> _SUPPLIED DATA_:
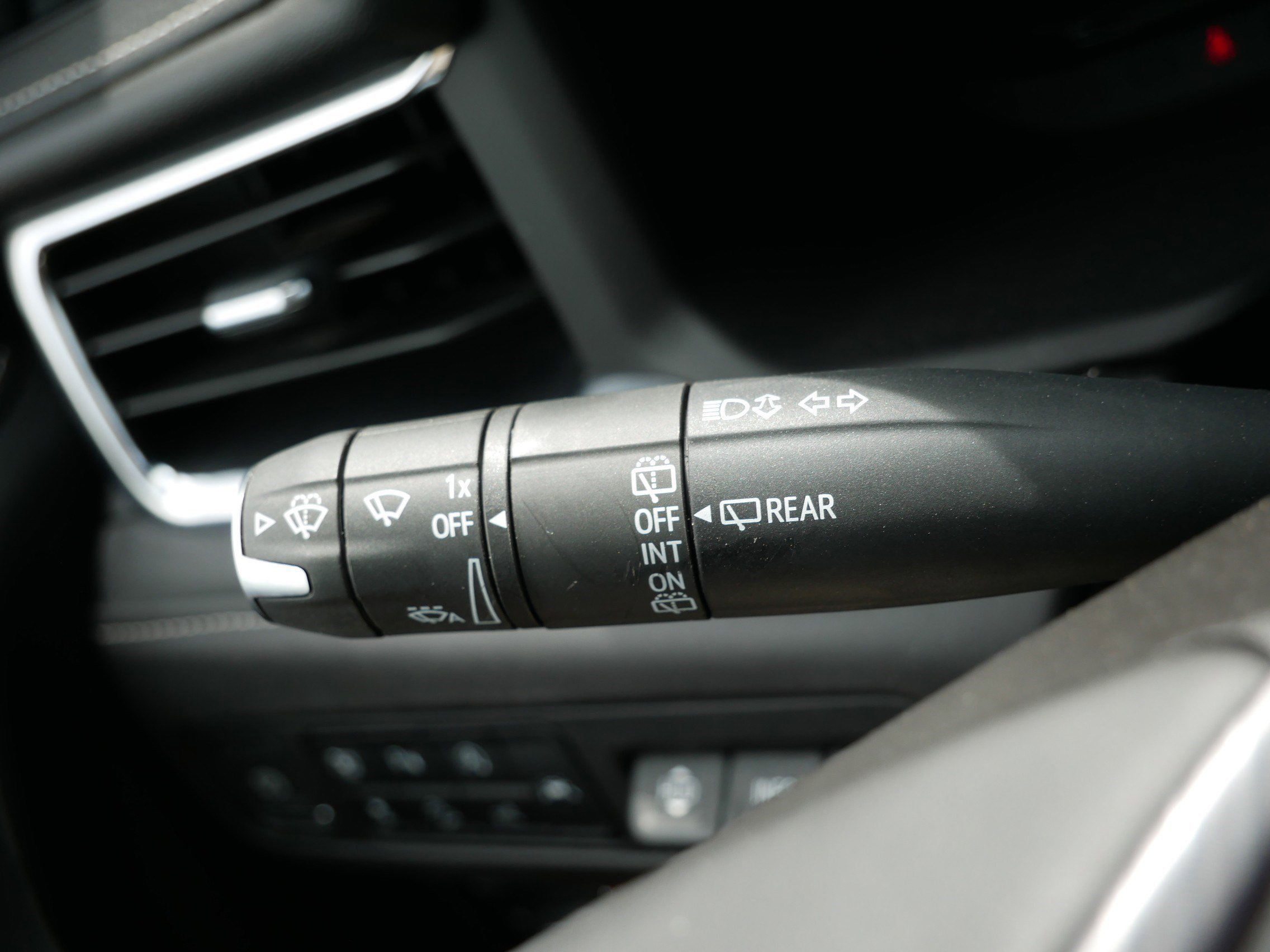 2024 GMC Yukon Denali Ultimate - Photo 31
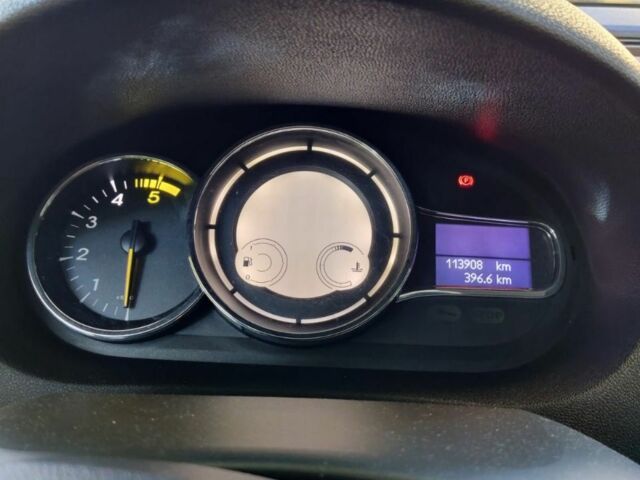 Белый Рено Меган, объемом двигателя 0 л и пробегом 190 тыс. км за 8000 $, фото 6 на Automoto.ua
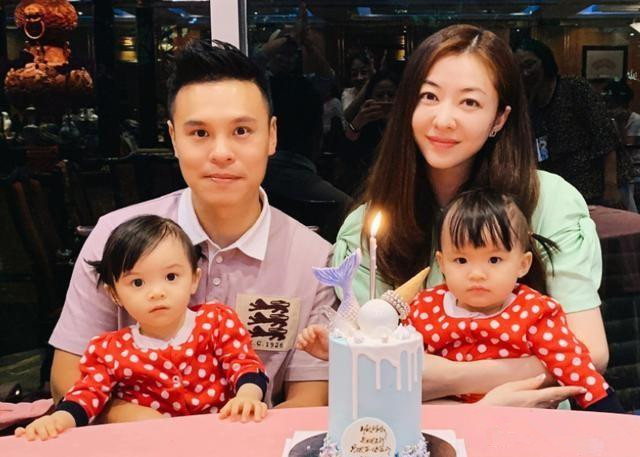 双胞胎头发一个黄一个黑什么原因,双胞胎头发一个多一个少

> _WHAT TO DO_: Skipping all pictures, set the listing down exactly as written.

> _TASK OUTPUT_:
 2024 GMC Yukon Denali Ultimate - Photo 31
 Белый Рено Меган, объемом двигателя 0 л и пробегом 190 тыс. км за 8000 $, фото 6 на Automoto.ua
 双胞胎头发一个黄一个黑什么原因,双胞胎头发一个多一个少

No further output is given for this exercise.